“Obituario, Dr. Carmelo Huidobro, fundador e primeiro presidente da Sociedade Oncolóxica de Galicia”. Alberto Barciela

El doctor Carmelo Huidobro se marchó con discreción, en Santiago de Compostela, en Año Santo Extraordinario, en la celebración de Santa Teresa, mientras la marea crecía allá en su amada playa de Silgar, en Sanxenxo, en las Rías Baixas de Pontevedra. Lo hizo entre amor, una tarde noche de niebla, un día de orvallo picheleiro, superada la vendimia en su tierra natal.

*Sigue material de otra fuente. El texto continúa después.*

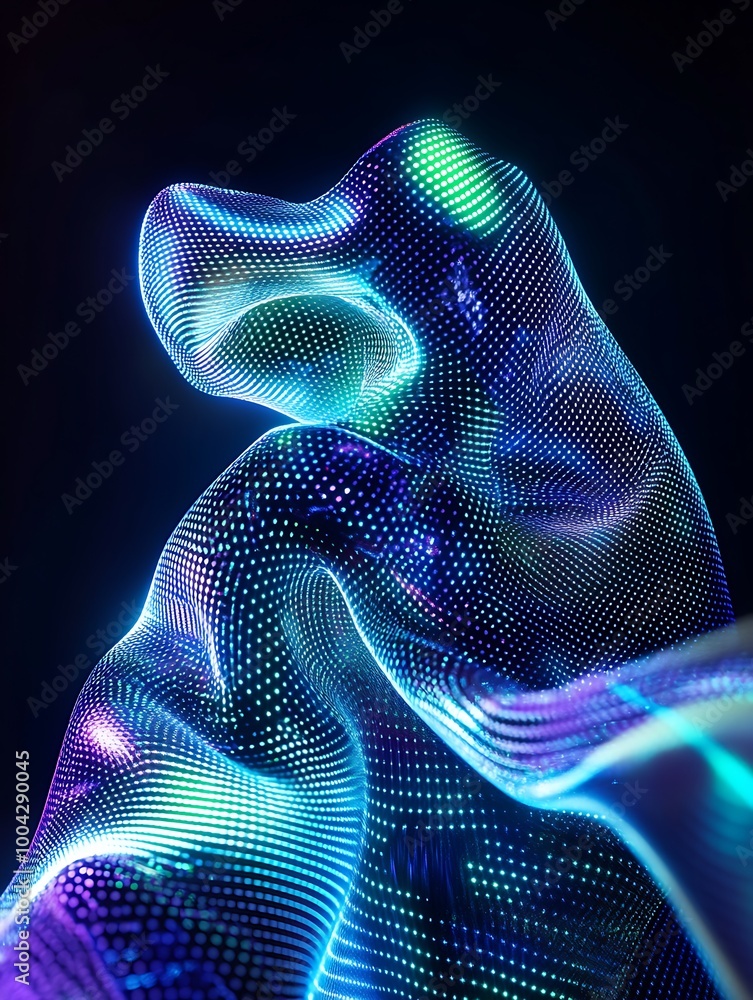 Poster Abstract visualization of colorful waves and patterns in motion against a dark backdrop. A minimalist poster in metallic and chrome gradient style.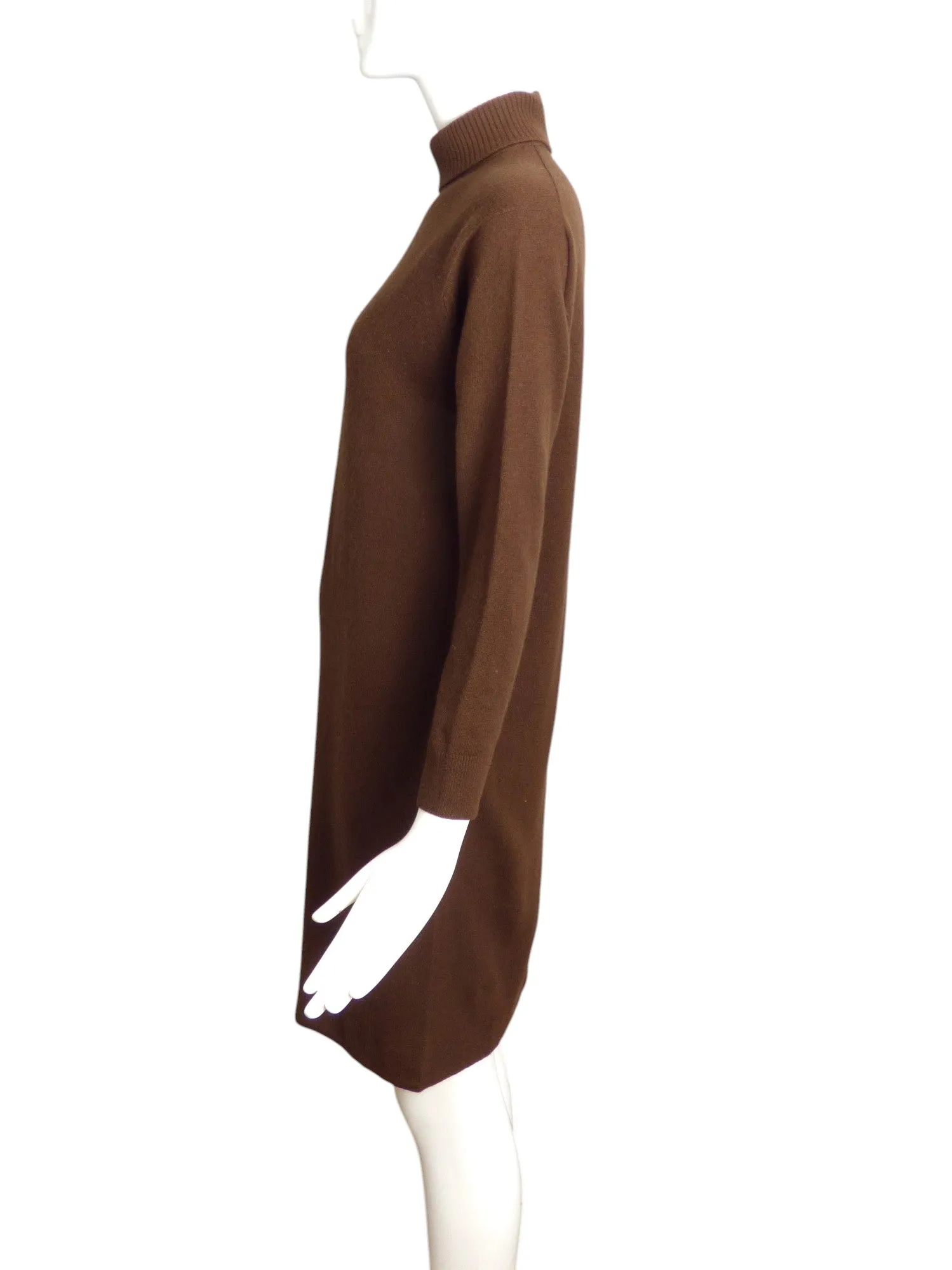 BONNIE CASHIN-1960s Brown Cashmere Knit Dress, Size-10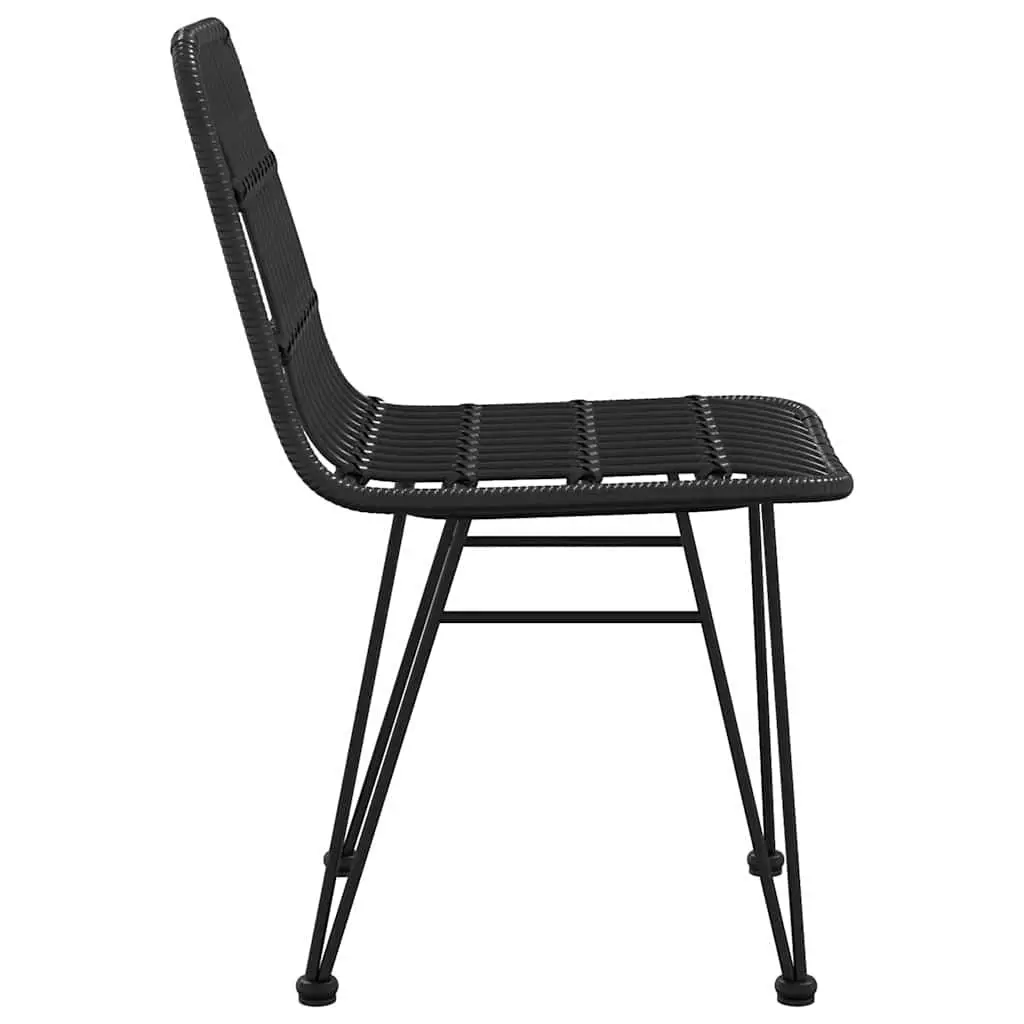 Outdoor Garden Chairs PE Rattan Steel Frame Black 2 Piece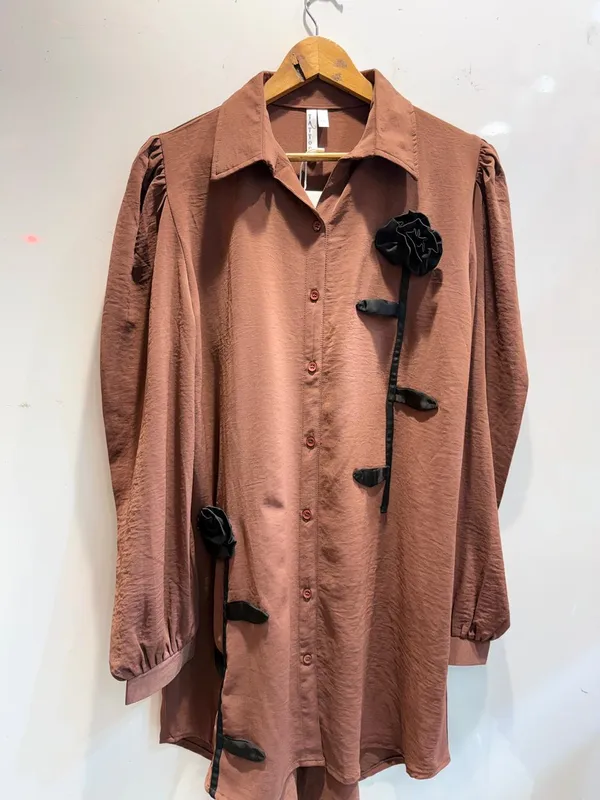 Brown_Satin_Shirt_Dress_With_Black_Floral_Embellishments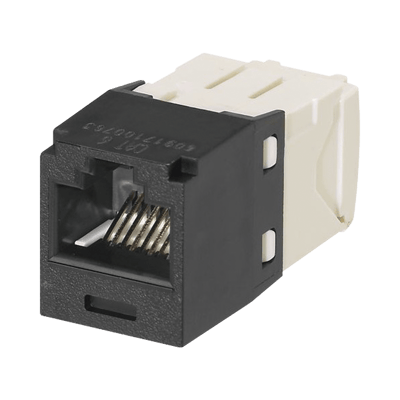 Conector Jack RJ45 Estilo TG, Mini-Com, Categoría 6, de 8 Posiciones y 8 Cables, Color Negro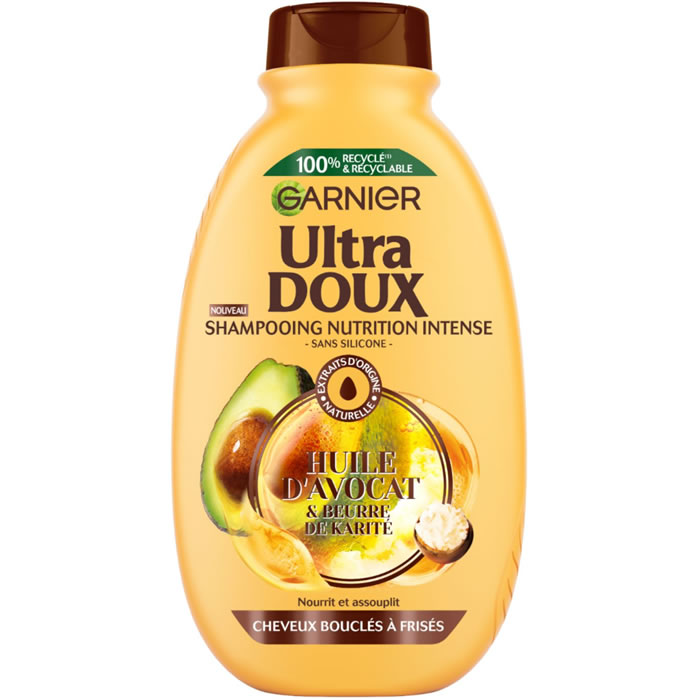 GARNIER Ultra Doux Shampoing à l'huile d'avocat et au beurre de karité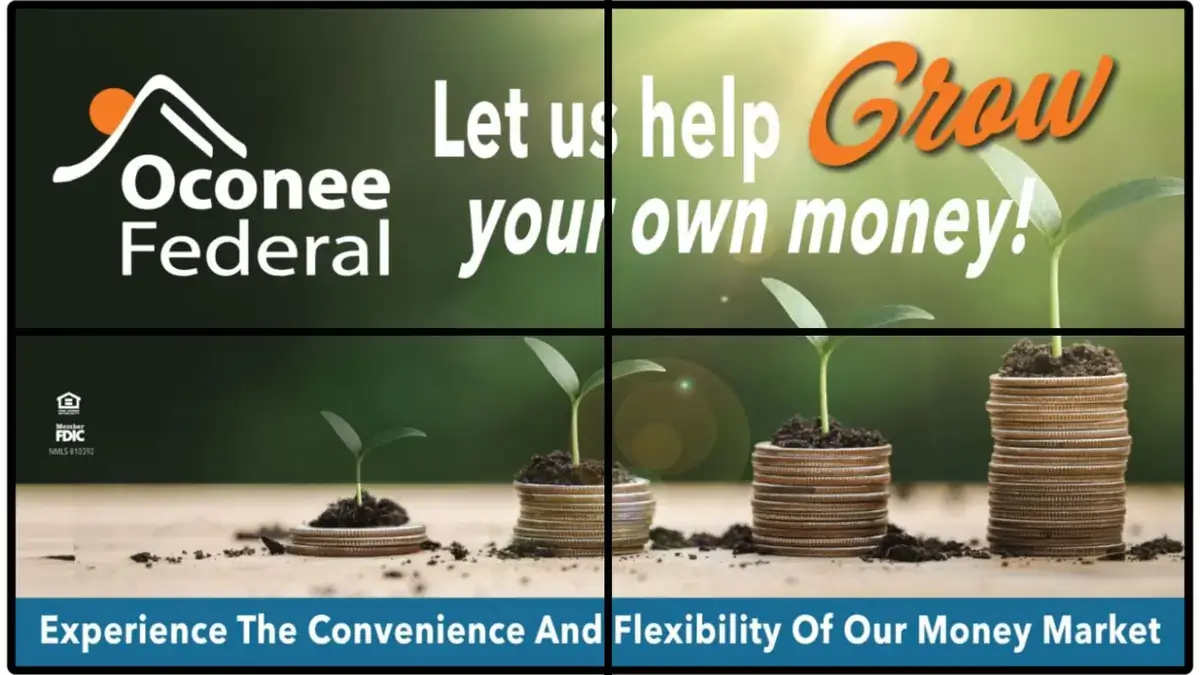 Oconee Federal digital signage video wall from Reach Media Network featuring announcements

La prolongada enfermedad y los años se impusieron al hombre pero no a su memoria, ni al cariño espejado en los hermosos ojos de sus alicias: Alicia Vence, esposa, madre y abuela amantísima, y Alicia Huidobro, su hija periodista; de su sucesor profesional Gerardo, prestigioso oncólogo del Hospital Álavaro Cunqueiro de Vigo, y de Isabel, profesional de la Administración en la Fundación dependiente de la Secretaría de Emigración de la Xunta de Galicia, compañera de Antonio; y de sus idolatrados nietos, Carmela y Juan, y su madre. En esencia ahí están los que fueron sus equilibrados afectos: la familia y la profesión. Cabría añadir a sus compañeros y a sus amigos, muchas veces coincidentes en la vocación, en las responsabilidades de las asociaciones médicas, en los Congresos, en las tertulias veraniegas del Salnés o en los compromisos oficiales.

Serio y reservado, Carmelo Huidobro fue una eminencia. Médico oncólogo, fue responsable de la Unidad de Oncología del Centro Hospitalario Universitario de Santiago de Compostela y Presidente y fundador de la Sociedad Oncológica de Galicia (SOG), cuya historia empezó a gestar en 1988, con un reducido grupo de especialistas: Radioterapeutas, Oncólogos Médicos y Cirujanos. El 16 de febrero de 1989 se celebró la primera Asamblea Constituyente, organizada por una Comisión Gestora, que presidió el propio Carmelo. El lugar de celebración fue el Colegio de Médicos de Compostela. Los Estatutos de la SOG fueron legalizados el 20 de Febrero de 1989, y en ellos se define como una sociedad científica multidisciplinar cuyo objetivo primordial es el desarrollo de la especialidad, en los ámbitos asistencial, docente e investigador, en Galicia. La reunión inaugural se celebró en diciembre de 1989 en la capital del Apóstol.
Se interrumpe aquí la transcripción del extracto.